**What you have to do:**
Please write out only the lines from the line with "Used 2013 Lexus ES 300h image 24" to the line with "LOVEHANDLE helping me", inclusive, exactly as they stand below, without the pictures.

┌─ Provided data

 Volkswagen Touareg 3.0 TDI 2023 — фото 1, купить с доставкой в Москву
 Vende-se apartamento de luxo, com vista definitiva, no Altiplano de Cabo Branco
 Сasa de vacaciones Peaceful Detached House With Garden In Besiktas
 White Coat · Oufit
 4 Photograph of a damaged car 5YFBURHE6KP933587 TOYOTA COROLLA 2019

└─
┌─ Provided data

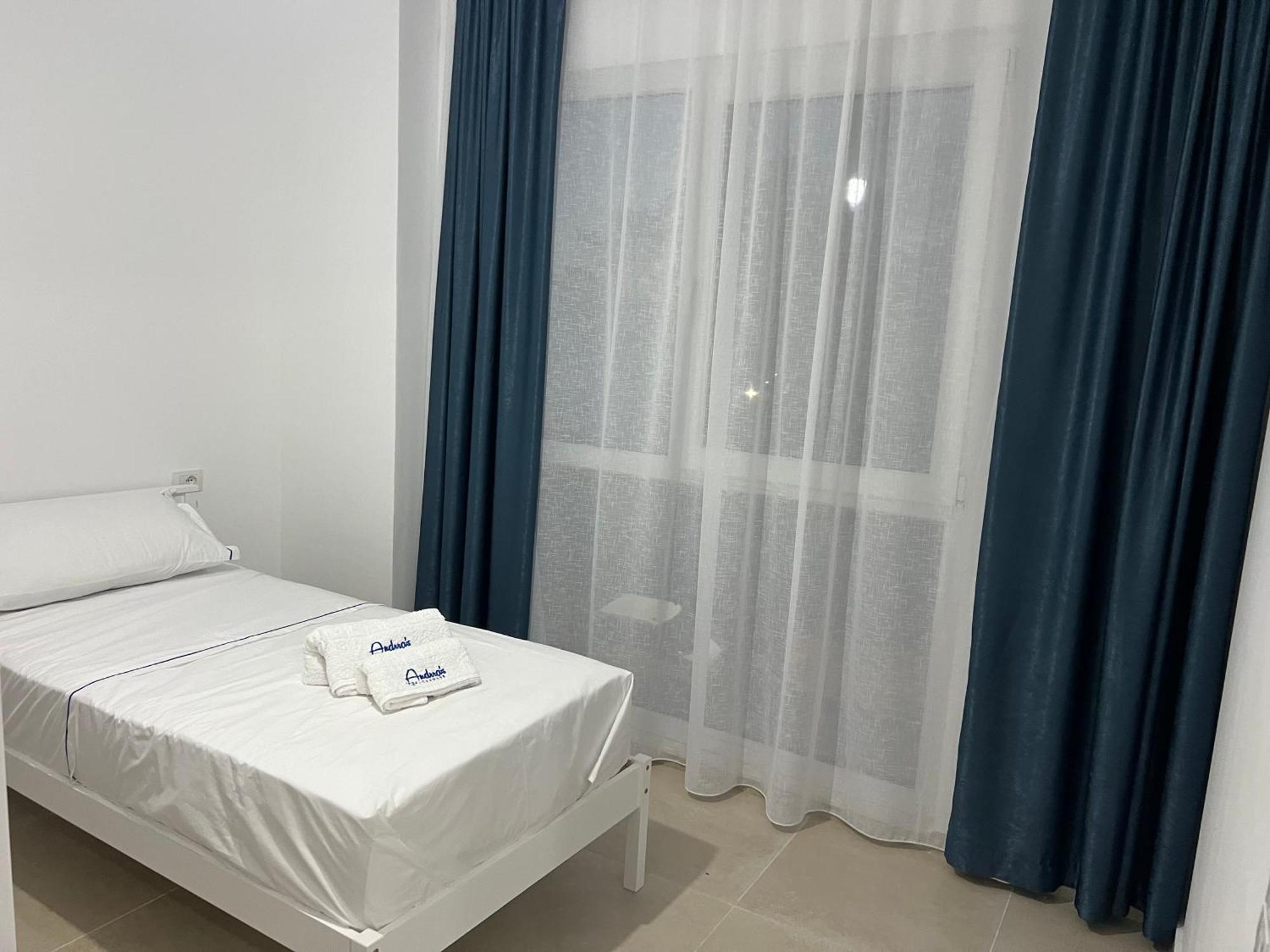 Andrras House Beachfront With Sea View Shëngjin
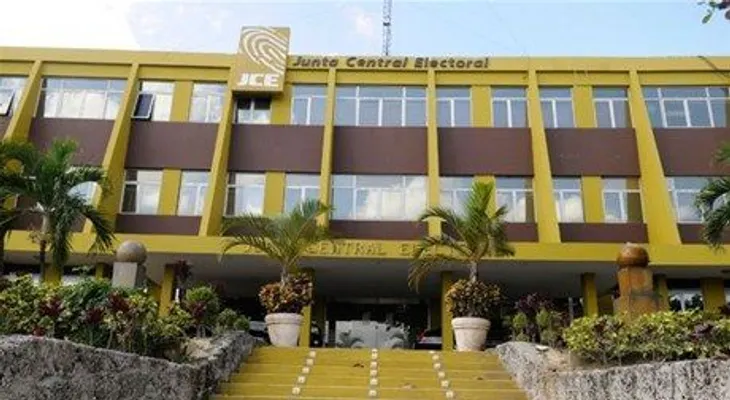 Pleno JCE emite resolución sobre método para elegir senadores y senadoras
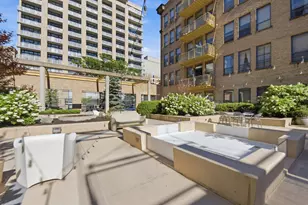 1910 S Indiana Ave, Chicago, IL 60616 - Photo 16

└─
┌─ Provided data

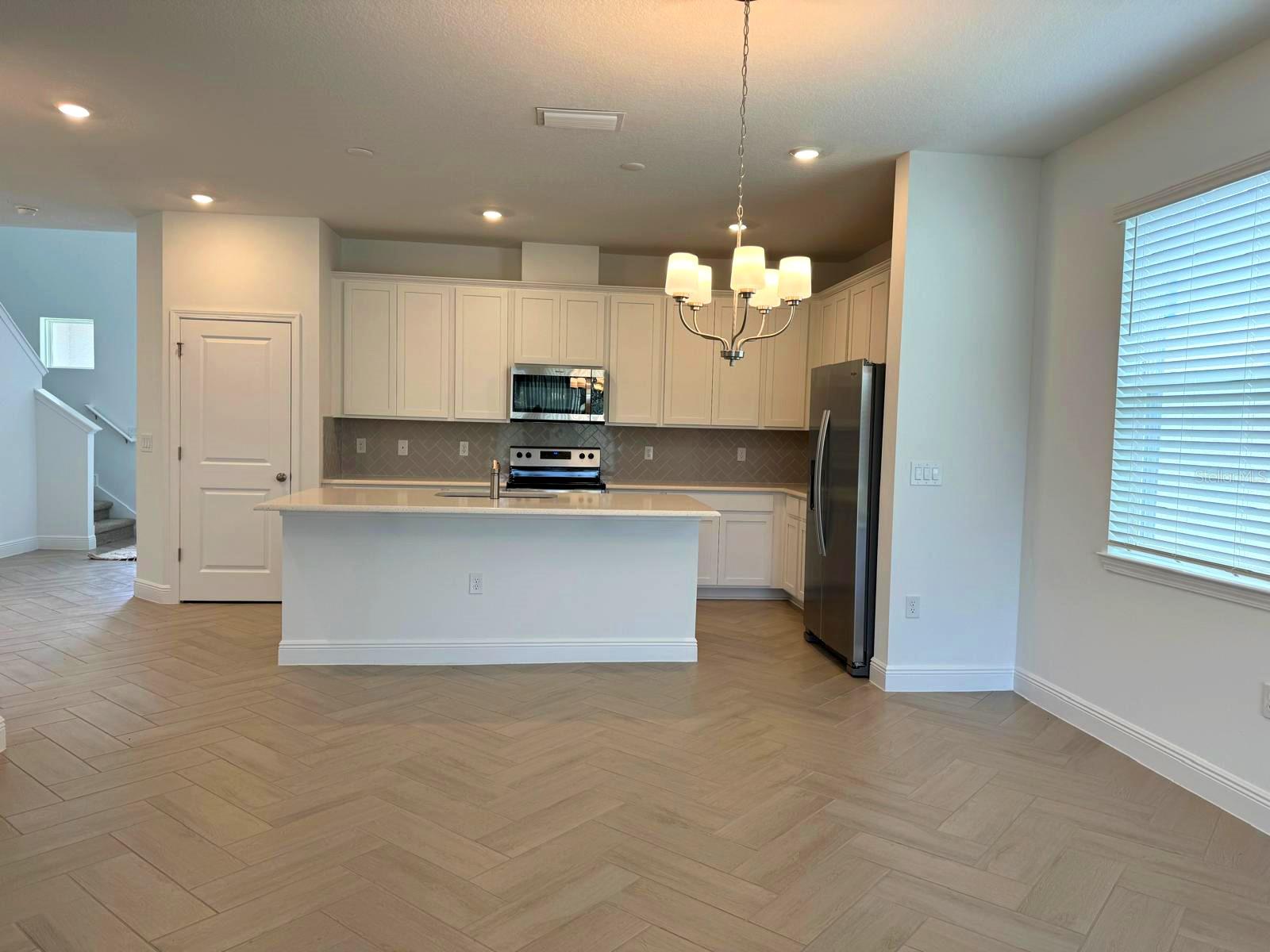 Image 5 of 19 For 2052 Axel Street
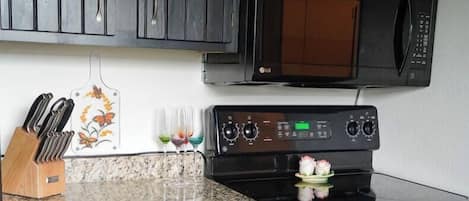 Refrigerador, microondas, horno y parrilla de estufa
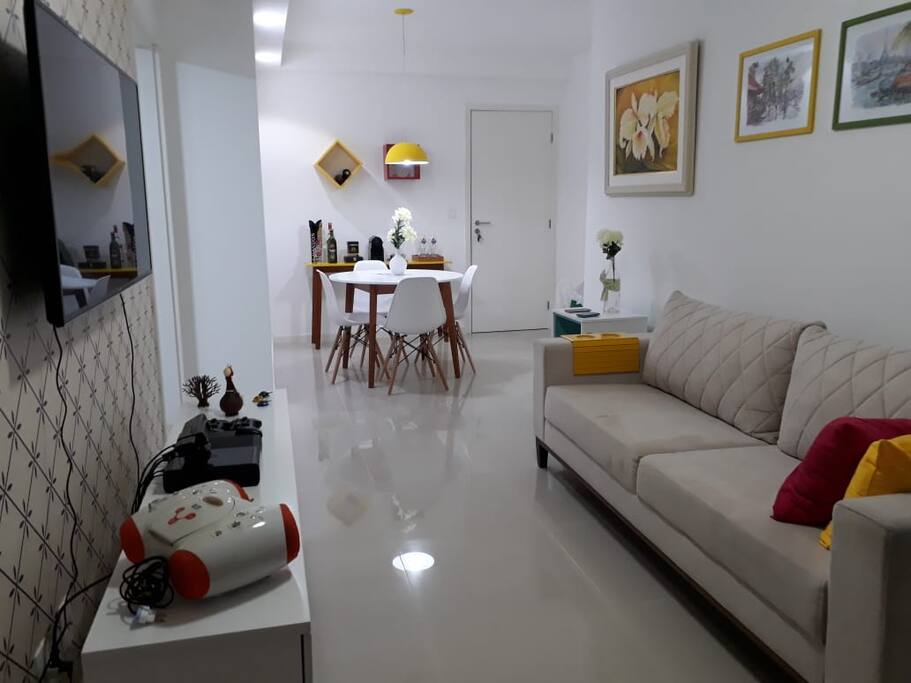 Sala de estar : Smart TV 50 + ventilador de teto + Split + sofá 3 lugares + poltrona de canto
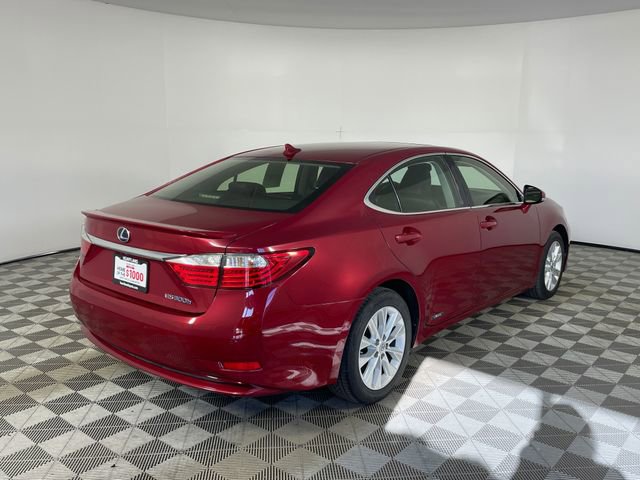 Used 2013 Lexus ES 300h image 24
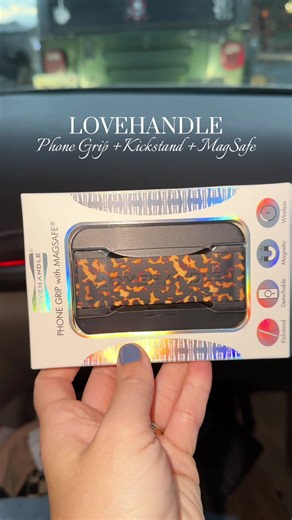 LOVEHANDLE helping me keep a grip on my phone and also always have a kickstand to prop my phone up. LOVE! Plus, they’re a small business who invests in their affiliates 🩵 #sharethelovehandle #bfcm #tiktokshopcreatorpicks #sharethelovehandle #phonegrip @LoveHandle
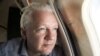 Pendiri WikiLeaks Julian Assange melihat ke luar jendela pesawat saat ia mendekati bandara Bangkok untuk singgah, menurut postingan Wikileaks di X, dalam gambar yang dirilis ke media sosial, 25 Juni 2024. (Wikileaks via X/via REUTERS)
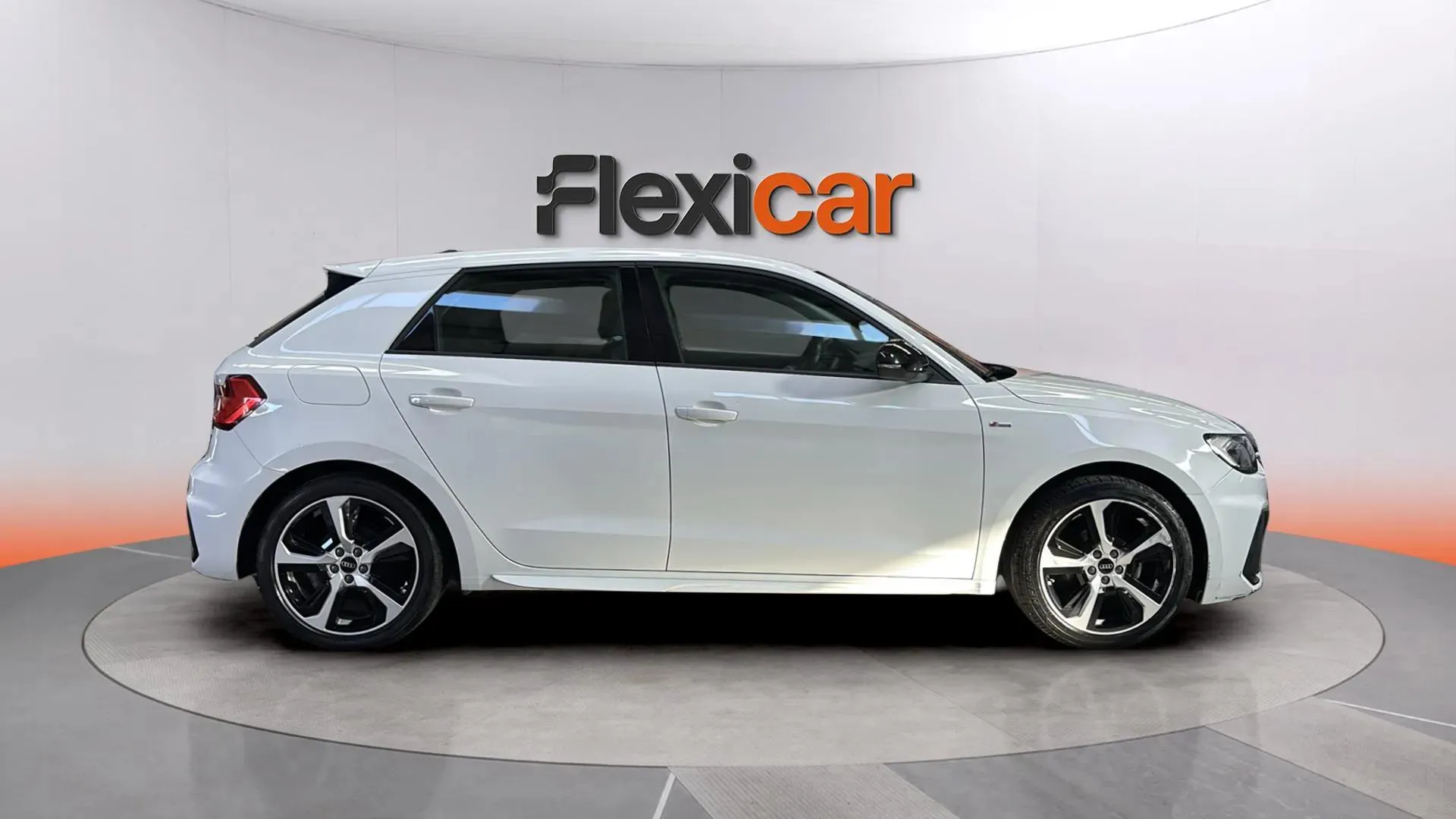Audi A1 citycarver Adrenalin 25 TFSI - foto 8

└─

**Your response:**
 Used 2013 Lexus ES 300h image 24
 LOVEHANDLE helping me keep a grip on my phone and also always have a kickstand to prop my phone up. LOVE! Plus, they’re a small business who invests in their affiliates 🩵 #sharethelovehandle #bfcm #tiktokshopcreatorpicks #sharethelovehandle #phonegrip @LoveHandle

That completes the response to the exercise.